PowerSkin is giving away 5 of their skins for a bunch of phones. Nobody has even entered yet, so your chances of winning are _high_.

You'll have to do a Facebook like and Twitter follow, but it's not too difficult. Click here if you want to look at it.

Ask me any questions about the Thunderbolt skin if you have them.


----------



## Mustang302LX (Jun 28, 2011)

I'm in already now! Thanks!


----------



## Kenneth (Jun 23, 2011)

The Thunderbolt battery is 1400 mAh. With the PowerSkin you get an extra 1500. Of course, external batteries are slightly less effective.

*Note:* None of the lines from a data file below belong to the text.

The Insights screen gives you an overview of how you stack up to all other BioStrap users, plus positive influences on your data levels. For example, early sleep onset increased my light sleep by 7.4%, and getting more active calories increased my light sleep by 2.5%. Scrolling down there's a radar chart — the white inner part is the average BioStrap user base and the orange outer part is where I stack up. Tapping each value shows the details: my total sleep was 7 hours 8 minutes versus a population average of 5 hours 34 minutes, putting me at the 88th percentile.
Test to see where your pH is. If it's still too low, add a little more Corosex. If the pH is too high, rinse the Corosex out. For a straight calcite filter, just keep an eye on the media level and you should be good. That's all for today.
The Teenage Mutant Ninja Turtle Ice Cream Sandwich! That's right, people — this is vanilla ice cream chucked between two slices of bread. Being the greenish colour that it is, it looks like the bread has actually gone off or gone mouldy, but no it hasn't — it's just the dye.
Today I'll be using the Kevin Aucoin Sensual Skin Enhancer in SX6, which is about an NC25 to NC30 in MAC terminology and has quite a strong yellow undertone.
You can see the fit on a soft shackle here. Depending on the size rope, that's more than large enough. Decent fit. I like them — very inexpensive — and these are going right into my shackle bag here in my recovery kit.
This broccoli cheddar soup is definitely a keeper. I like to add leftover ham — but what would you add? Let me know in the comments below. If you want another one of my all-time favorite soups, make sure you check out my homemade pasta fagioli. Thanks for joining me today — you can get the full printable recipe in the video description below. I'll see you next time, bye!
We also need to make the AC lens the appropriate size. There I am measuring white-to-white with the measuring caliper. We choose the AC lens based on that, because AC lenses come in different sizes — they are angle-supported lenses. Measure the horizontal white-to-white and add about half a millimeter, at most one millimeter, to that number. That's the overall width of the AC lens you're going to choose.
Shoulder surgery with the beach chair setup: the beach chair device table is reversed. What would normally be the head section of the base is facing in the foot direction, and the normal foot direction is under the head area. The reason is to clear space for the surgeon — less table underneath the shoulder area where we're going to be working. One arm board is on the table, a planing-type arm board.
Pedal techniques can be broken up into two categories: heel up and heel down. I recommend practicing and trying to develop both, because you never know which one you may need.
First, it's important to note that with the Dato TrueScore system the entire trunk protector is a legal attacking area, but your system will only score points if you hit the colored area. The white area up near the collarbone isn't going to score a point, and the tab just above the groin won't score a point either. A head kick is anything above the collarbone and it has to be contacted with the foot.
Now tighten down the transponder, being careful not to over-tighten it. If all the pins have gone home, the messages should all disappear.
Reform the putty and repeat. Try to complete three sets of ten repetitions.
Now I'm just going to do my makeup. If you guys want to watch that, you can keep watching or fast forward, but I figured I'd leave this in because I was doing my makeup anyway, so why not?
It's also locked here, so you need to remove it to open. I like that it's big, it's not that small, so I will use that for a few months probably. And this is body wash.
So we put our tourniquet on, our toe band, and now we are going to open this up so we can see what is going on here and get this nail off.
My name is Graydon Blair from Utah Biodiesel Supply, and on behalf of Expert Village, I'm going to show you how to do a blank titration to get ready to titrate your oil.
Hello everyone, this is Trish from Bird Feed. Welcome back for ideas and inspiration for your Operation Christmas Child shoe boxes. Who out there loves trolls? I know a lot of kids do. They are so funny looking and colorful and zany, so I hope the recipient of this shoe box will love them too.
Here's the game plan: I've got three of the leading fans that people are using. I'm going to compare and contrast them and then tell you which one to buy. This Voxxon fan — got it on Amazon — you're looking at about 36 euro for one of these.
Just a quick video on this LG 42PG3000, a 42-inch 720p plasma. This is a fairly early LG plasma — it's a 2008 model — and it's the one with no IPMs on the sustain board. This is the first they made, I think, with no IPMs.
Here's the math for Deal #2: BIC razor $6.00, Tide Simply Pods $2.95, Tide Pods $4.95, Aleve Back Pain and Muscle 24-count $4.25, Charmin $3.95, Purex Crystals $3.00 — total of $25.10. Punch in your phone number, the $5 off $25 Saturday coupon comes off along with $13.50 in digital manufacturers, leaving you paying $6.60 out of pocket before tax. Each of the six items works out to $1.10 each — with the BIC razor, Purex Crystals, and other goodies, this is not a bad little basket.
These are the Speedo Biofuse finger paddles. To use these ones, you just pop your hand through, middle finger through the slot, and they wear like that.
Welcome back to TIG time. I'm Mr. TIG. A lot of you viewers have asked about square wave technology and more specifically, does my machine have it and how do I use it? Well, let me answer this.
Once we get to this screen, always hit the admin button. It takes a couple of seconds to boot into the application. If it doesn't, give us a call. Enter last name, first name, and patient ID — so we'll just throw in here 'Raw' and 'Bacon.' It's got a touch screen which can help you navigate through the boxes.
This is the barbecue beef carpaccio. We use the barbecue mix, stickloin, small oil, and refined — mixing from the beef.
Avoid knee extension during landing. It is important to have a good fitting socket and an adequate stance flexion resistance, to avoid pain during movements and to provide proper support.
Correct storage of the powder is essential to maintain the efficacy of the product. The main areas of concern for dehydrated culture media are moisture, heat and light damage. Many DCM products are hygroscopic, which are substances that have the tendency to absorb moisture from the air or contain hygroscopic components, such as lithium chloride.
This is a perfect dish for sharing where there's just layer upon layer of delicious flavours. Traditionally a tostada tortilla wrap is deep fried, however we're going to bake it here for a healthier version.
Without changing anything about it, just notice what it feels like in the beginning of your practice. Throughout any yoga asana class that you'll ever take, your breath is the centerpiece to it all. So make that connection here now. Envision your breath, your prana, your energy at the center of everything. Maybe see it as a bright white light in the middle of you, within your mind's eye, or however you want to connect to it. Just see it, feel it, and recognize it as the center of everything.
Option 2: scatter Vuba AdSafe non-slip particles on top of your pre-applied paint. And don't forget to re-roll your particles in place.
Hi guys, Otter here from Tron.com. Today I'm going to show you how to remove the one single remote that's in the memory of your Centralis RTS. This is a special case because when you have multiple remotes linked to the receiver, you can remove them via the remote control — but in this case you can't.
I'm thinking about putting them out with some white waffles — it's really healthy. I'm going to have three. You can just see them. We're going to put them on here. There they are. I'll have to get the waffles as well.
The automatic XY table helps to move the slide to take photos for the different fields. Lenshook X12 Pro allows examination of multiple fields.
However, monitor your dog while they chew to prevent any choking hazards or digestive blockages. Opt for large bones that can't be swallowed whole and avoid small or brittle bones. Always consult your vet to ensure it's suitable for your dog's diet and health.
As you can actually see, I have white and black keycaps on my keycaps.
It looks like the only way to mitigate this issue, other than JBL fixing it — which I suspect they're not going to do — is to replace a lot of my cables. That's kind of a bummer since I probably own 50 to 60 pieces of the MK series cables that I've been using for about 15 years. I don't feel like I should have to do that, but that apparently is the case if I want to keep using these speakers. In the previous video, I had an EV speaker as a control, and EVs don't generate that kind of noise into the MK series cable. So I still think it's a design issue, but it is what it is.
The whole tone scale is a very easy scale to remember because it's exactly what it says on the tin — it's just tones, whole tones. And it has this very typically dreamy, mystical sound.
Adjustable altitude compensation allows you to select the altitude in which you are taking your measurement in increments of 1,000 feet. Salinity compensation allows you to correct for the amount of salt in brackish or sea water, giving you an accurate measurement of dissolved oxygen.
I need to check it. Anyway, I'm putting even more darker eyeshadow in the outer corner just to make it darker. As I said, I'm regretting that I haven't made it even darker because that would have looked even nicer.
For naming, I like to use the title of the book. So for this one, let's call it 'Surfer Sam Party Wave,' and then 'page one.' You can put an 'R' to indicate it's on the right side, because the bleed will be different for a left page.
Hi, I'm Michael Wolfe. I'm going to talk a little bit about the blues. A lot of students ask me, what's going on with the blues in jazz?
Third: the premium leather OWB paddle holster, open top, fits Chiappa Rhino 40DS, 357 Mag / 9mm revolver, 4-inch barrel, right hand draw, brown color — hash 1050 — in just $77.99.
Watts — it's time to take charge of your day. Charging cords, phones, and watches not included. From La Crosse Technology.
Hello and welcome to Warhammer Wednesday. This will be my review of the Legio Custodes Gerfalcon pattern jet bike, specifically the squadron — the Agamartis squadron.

But, since it is 1500, you'll probably get right around double the battery life. Pretty cool for when you're on the go for more than one day.


----------



## hopesrequiem (Aug 10, 2011)

Ah boo. I got the 2750. Won't work lol. Good find though. +1


----------



## Mustang302LX (Jun 28, 2011)

Kenneth said:


> The Thunderbolt battery is 1400 mAh. With the PowerSkin you get an extra 1500. Of course, external batteries are slightly less effective. But, since it is 1500, you'll probably get right around double the battery life. Pretty cool for when you're on the go for more than one day.


Exactly! Extra juice is extra juice and for free you can't beat it! Thanks again for offering the opportunity up to us all!


----------